What you have to do »
Each entry below should be printed exactly as given.

• • • • •

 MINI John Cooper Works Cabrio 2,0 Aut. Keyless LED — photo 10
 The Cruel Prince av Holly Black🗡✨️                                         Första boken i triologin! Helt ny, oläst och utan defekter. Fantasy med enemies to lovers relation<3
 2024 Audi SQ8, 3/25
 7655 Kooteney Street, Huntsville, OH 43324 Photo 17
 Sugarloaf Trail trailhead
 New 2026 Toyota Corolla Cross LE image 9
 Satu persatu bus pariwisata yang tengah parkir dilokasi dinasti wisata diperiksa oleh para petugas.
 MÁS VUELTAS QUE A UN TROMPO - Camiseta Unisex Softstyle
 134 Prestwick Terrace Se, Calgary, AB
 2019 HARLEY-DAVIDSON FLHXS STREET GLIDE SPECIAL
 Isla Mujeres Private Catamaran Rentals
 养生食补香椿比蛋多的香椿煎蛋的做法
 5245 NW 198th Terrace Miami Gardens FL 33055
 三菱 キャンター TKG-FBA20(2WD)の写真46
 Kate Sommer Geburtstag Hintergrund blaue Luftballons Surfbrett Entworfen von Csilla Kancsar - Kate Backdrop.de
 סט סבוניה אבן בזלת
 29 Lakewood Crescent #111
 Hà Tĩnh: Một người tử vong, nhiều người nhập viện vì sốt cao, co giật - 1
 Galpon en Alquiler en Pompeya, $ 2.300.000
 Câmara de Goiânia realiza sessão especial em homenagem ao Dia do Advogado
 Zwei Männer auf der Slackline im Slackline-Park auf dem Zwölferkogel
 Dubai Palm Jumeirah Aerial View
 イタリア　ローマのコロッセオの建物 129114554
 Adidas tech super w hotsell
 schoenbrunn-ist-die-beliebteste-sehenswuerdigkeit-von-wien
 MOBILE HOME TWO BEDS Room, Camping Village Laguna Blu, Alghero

• • • • •

Response »
 MINI John Cooper Works Cabrio 2,0 Aut. Keyless LED — photo 10
 The Cruel Prince av Holly Black🗡✨️                                         Första boken i triologin! Helt ny, oläst och utan defekter. Fantasy med enemies to lovers relation<3
 2024 Audi SQ8, 3/25
 7655 Kooteney Street, Huntsville, OH 43324 Photo 17
 Sugarloaf Trail trailhead
 New 2026 Toyota Corolla Cross LE image 9
 Satu persatu bus pariwisata yang tengah parkir dilokasi dinasti wisata diperiksa oleh para petugas.
 MÁS VUELTAS QUE A UN TROMPO - Camiseta Unisex Softstyle
 134 Prestwick Terrace Se, Calgary, AB
 2019 HARLEY-DAVIDSON FLHXS STREET GLIDE SPECIAL
 Isla Mujeres Private Catamaran Rentals
 养生食补香椿比蛋多的香椿煎蛋的做法
 5245 NW 198th Terrace Miami Gardens FL 33055
 三菱 キャンター TKG-FBA20(2WD)の写真46
 Kate Sommer Geburtstag Hintergrund blaue Luftballons Surfbrett Entworfen von Csilla Kancsar - Kate Backdrop.de
 סט סבוניה אבן בזלת
 29 Lakewood Crescent #111
 Hà Tĩnh: Một người tử vong, nhiều người nhập viện vì sốt cao, co giật - 1
 Galpon en Alquiler en Pompeya, $ 2.300.000
 Câmara de Goiânia realiza sessão especial em homenagem ao Dia do Advogado
 Zwei Männer auf der Slackline im Slackline-Park auf dem Zwölferkogel
 Dubai Palm Jumeirah Aerial View
 イタリア　ローマのコロッセオの建物 129114554
 Adidas tech super w hotsell
 schoenbrunn-ist-die-beliebteste-sehenswuerdigkeit-von-wien
 MOBILE HOME TWO BEDS Room, Camping Village Laguna Blu, Alghero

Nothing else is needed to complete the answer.